From: Philippe Verdy (verdy_p@wanadoo.fr)
Date: Tue Oct 02 2007 - 10:29:53 CST

  • Next message: Mike: "Re: Proposal for additional syntax (was Re: New Public Review Issue: Proposed Update UTS #18)"

    Mark E. Shoulson wrote:
    > And nobody is seriously proposing a
    > Next-Generation Unicode in which the so-called "Cleanicode" (Unicode
    > where everything is done *right*) is implemented from scratch. Such a
    > radical change would not be worth the pain of implementing it.

    The same argument used against Dmitry's arguments about the need to encode
    only things that *are* used could also be applied to your argument here.

    Even though there's still no argument for a radicalchange in the way Unicode
    is encoding texts, there's no guarantee that (most probably in some
    looooooong term...) the Unicode or ISO 10646 standards are meant to be
    eternal.

    Like all other standards, these standards have a lifetime. They will work
    and will be used until someone demonstrates that there's a superior way to
    handle text in a more consitent way, *and* those proposing a newer standard
    have convinced *much* enough other people changing the way they handle text
    by adopting the newer proposal as their core encoding for handling
    everything.

    But trying to convince people to shift to another core standard will have
    the same issues: to convince people to make the change, the newer standard
    would need to exhibit and implement conversion rules that will allow good
    interoperability with the *huge* amount of texts and applications that will
    still depend on Unicode *only* for very long time.

    So the designer of the new "Unicode II" or "Cleancode" or "Next-Generation"
    standard (whatever its name) will have to face the same problem as Unicode:
    handling lots of roundtrip compatibility with the best and most widely used
    standards of the past, meaning that there will remain, in the new standard,
    also various tricks needed for compatibility (so they will also have things
    encoded like "compatibility characters" (or other entities), not recommended
    for normal use, but still valid for long until everything works using only
    the core standard with its "canonical" strings!).

    And they will also have to convince not only the users of the standard for
    encoding text, but also the designers of the other countless standards that
    have adopted Unicode or ISO 10646 as their core encoding whose support is
    now mandatory (if not the only encoding they support now), plus convincing
    software implementers to adapt their softwares to support these changes,
    plus convincing users to buy, install and use the new softwares (and support
    the cost of this software upgrade).

    I can't make any well-defined estimation of the generated cost of the
    conversion from Unicode/ISO10646 to something else, but this would be
    tremendous worldwide (really many, many billions dollars or euros or pounds
    or other currencies) and would affect almost everybody on earth in their
    daily life, due to the huge number of applications and objects that depend
    now on a correct implementation of Unicode and ISO 10646.

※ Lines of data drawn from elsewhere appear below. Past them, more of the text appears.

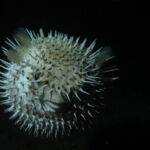 night dive varadero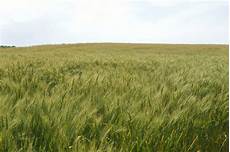 Agriculture Wheat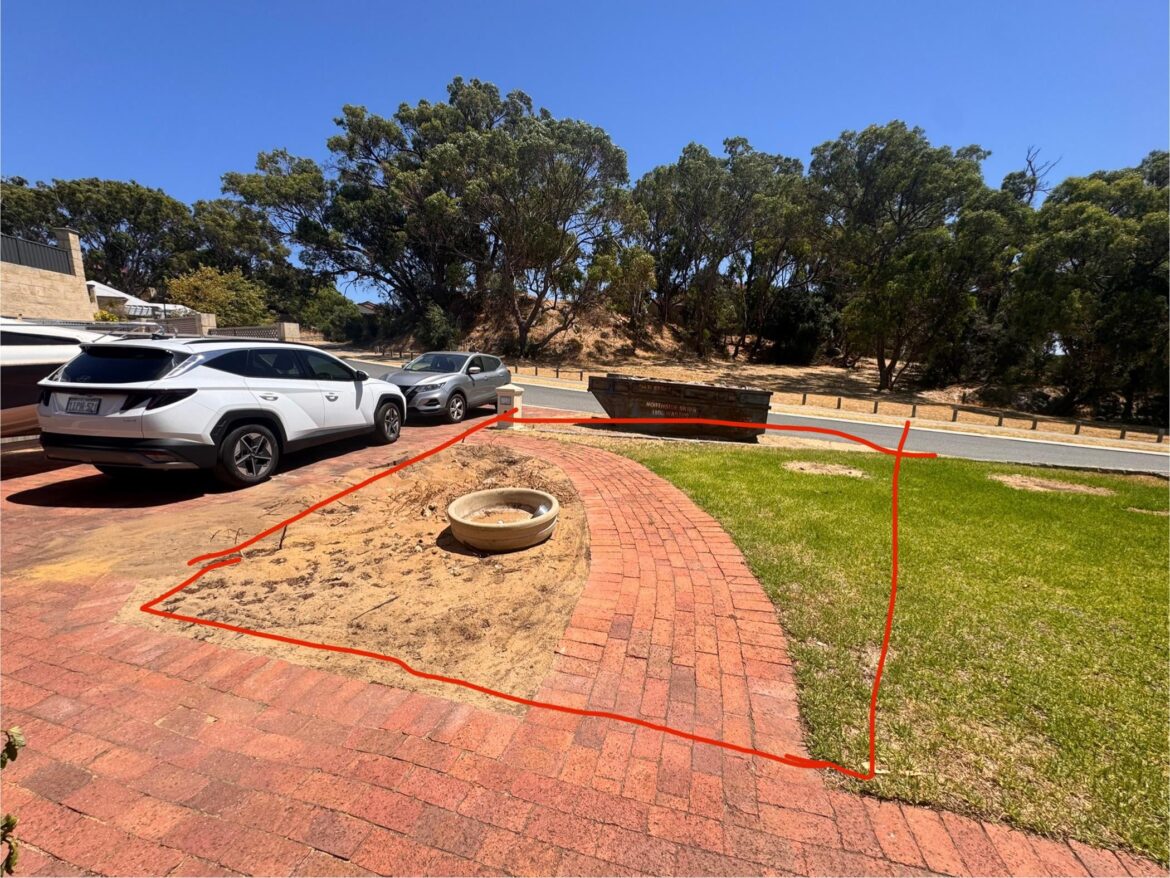 Looking for recommendations for a small tree to fit in this garden bed. Preferably native but open to others!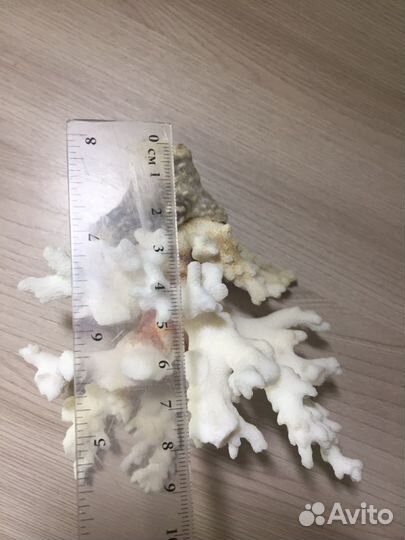 Натуральный коралл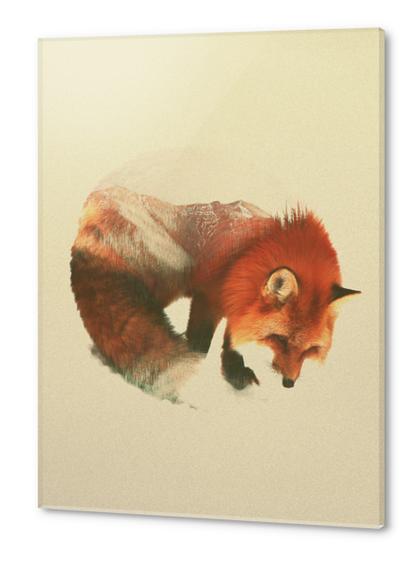 Snow Fox Acrylic prints by Andreas Lie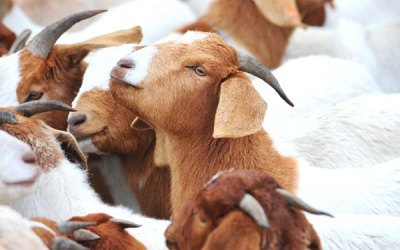 Lợi ích sức khỏe của thịt dê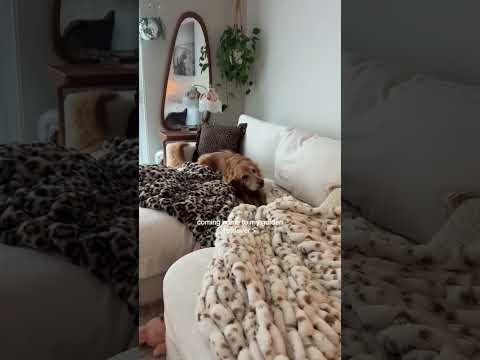 coming home to my golden retriever ♥️ goldendog dog puppy g… サムネイル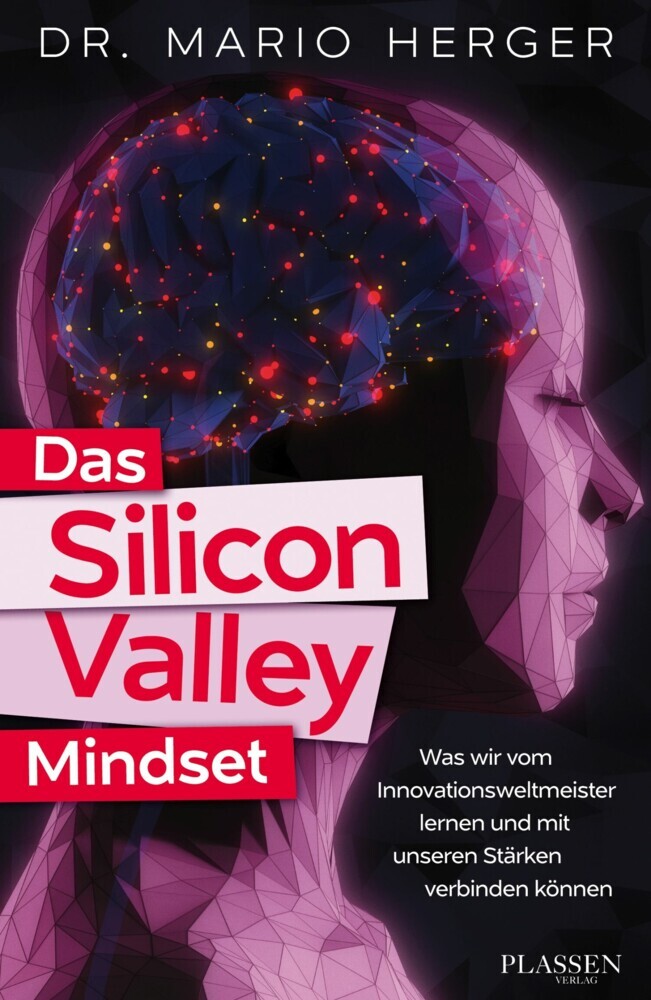 Das Silicon Valley Mindset main product photo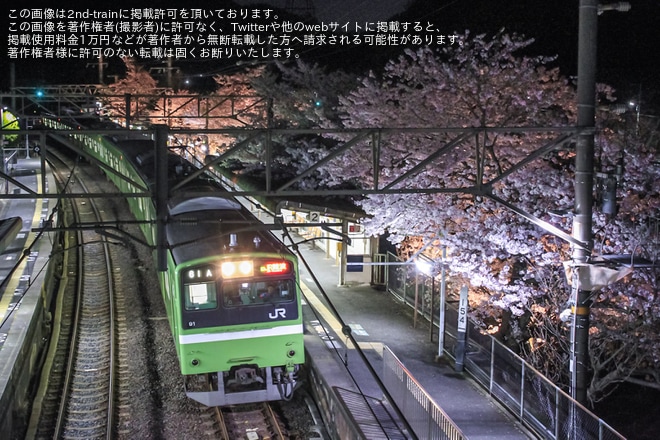 【特集】桜が満開、桜模様の列車の写真を紹介(2024年）を不明で撮影した写真
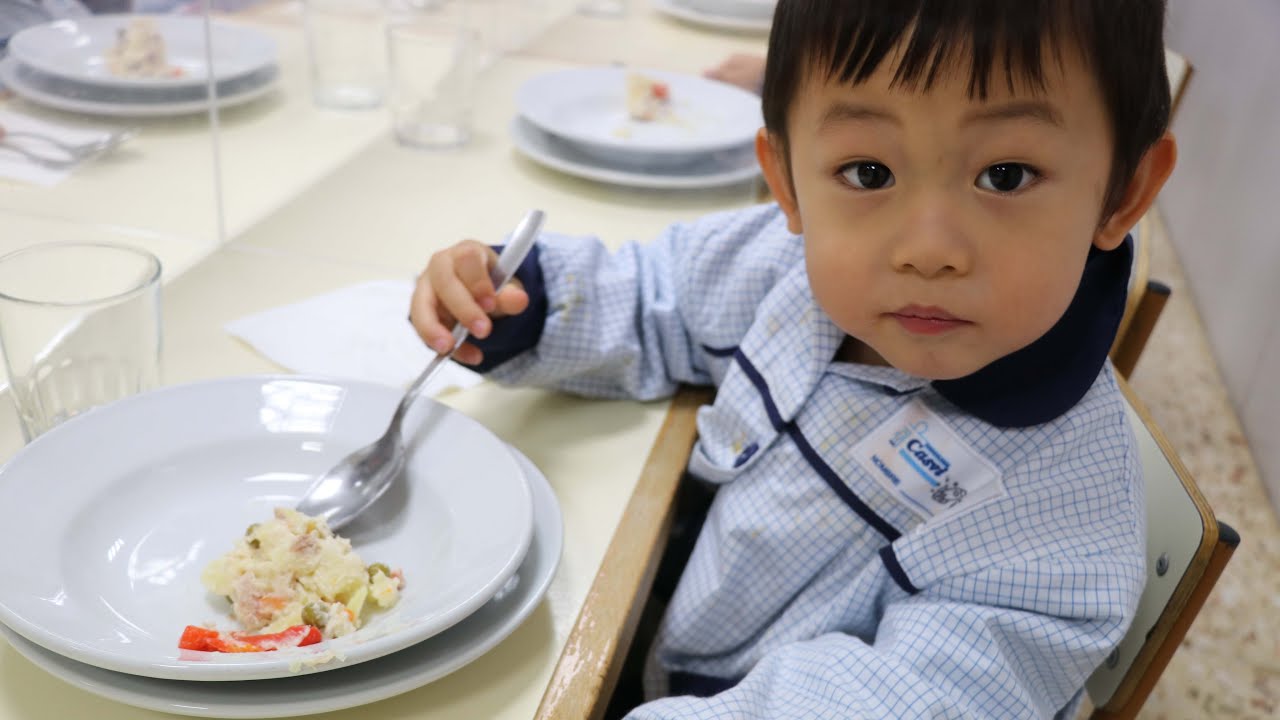 Proyecto Educativo Casvi: Educación nutricional // #Orientación #BachilleratoInternacional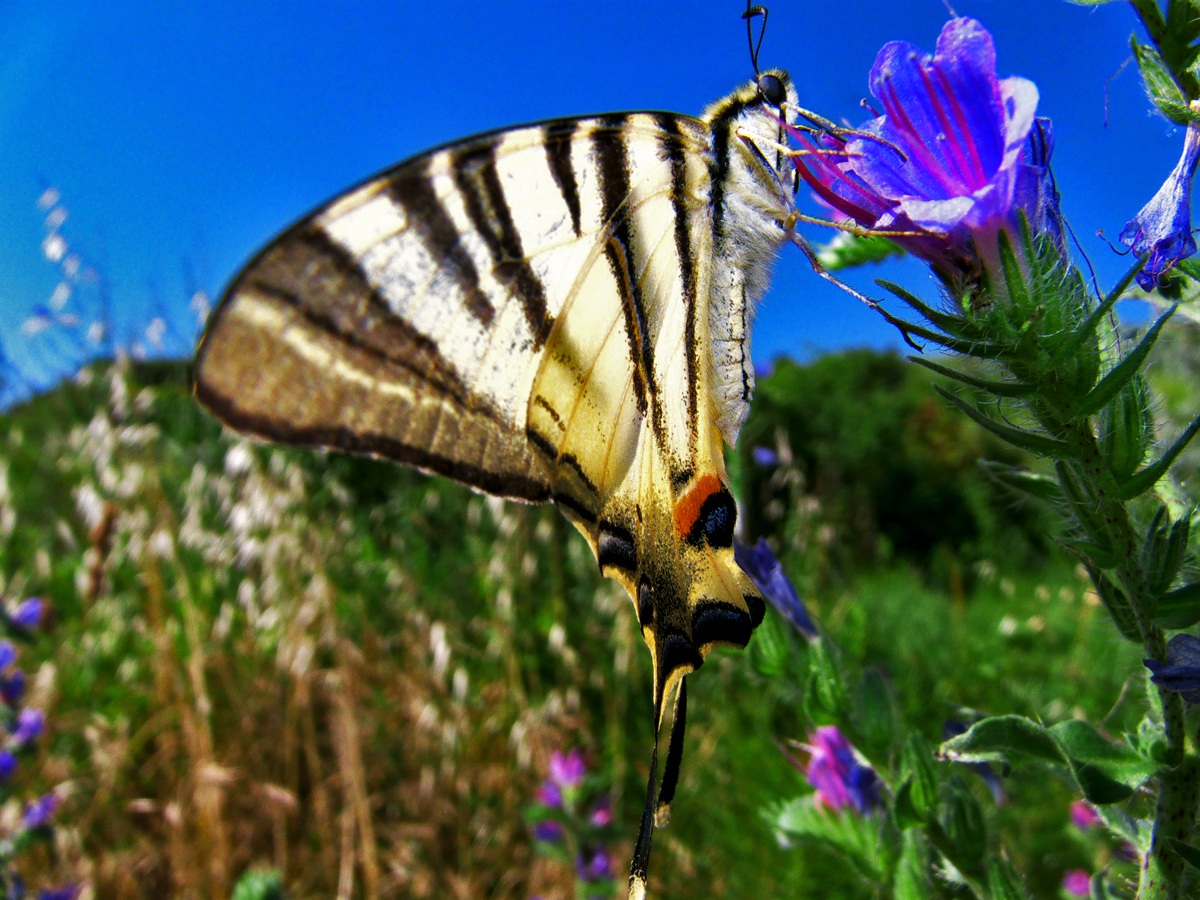 Iphiclides podalirius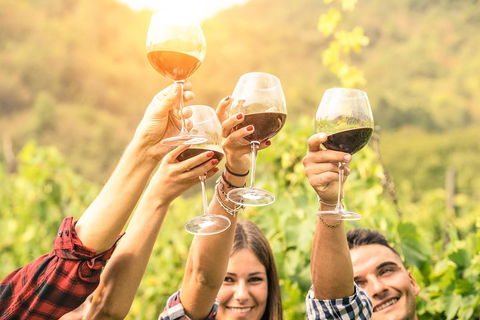 Barossa Valley Cellar Doors Luxury Wine Tour - Holiday Great Ocean Road 1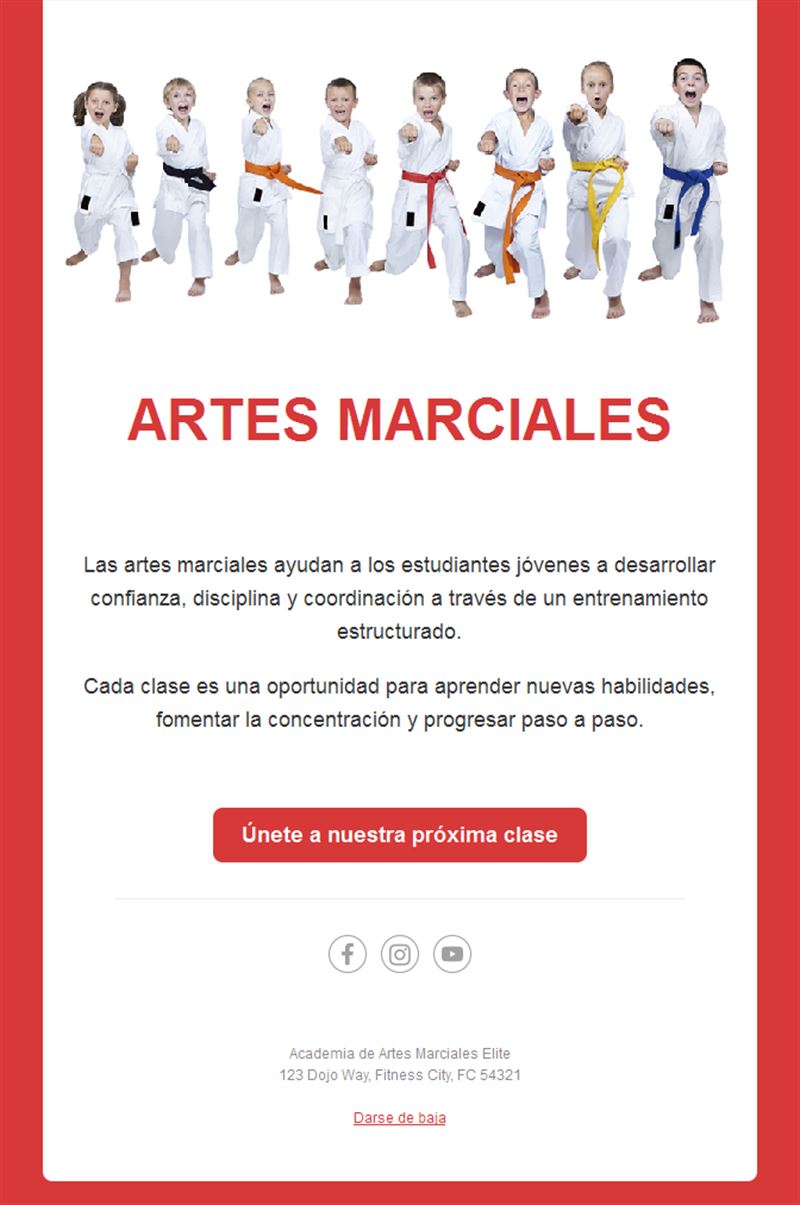 Email de clases de kárate para niños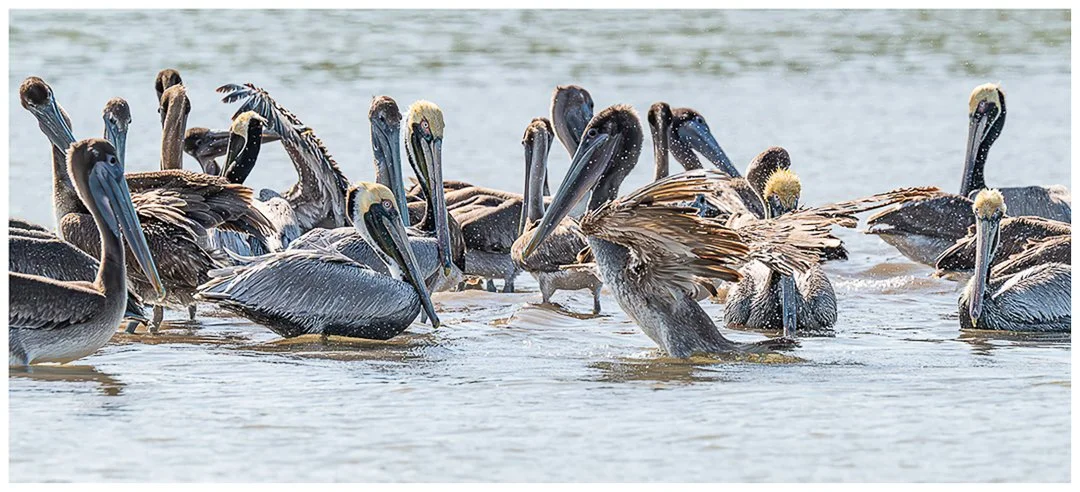 Bathtime - Sandy Cowley LSINWP
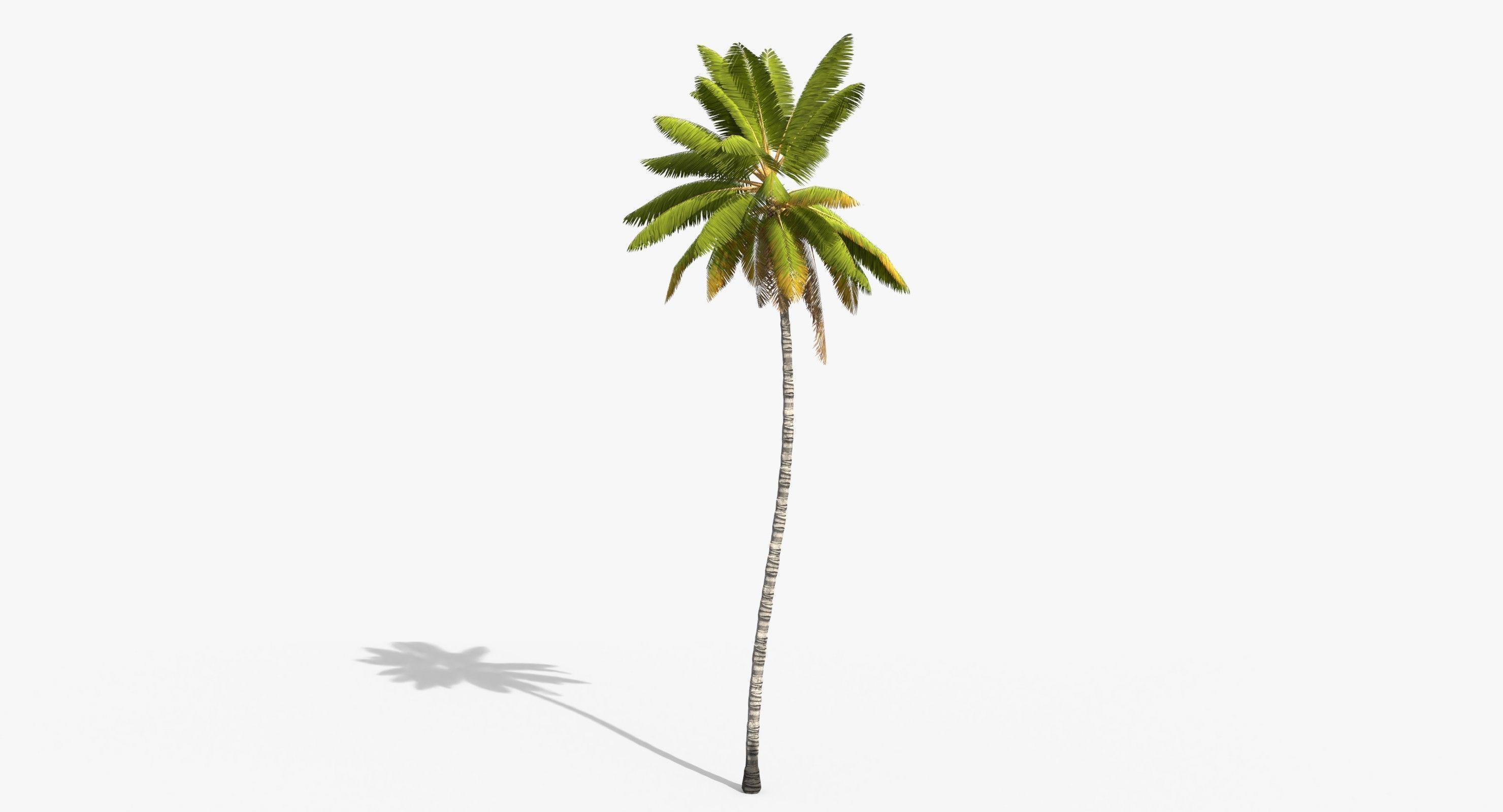 Coconut Palm Trees Asset 1 Low-poly 3D model_25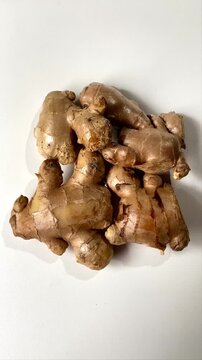 Ginger root or Ginger or Zingiber officinale is widely used as a spice and a folk medicine. Close up, Selective focus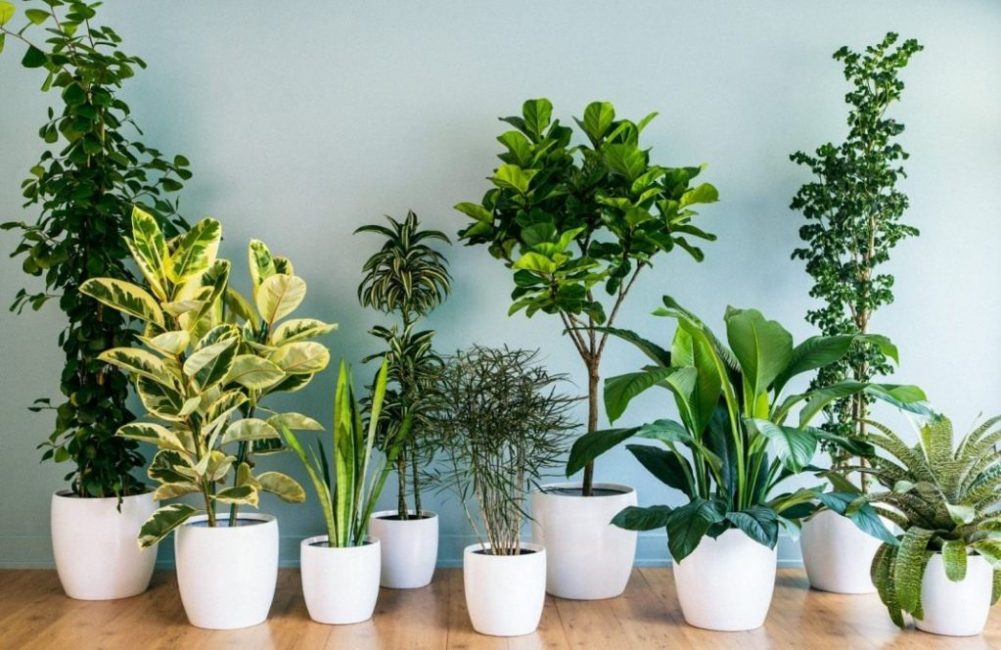 Plantes d'intérieur populaires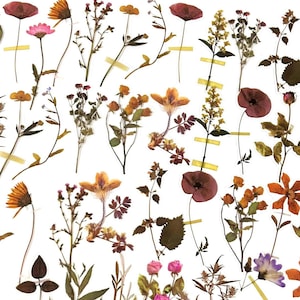 40 Stück Blumen klare Aufkleber, Floral, Journal, Resin Art, Junk Journal, Ephemera, Blätter, Rosen, Botanicals, Trockenblumen, Herbst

    Nothing will prevent a newer text encoding "standard" to be modelized,
    implemented and used, but this will remain within small local areas for
    specific needs by small communities of users with little interaction with
    the rest of the world.

    The only thing that can seriously happen now is the development of several
    alternate encodings for scripts that are rarely used outside of these small
    communities of specialists, or for scripts that are still not encoded (and
    where Unicode or ISO 10646 should not interfere before there's some wide
    agreement about all users in these communities, *and* they request the
    encoding within the UCS for facilitating the interoperability with
    applications and systems made by others outside these communities). In those
    areas, there may exist errors that *may* be partially corrected in Unicode.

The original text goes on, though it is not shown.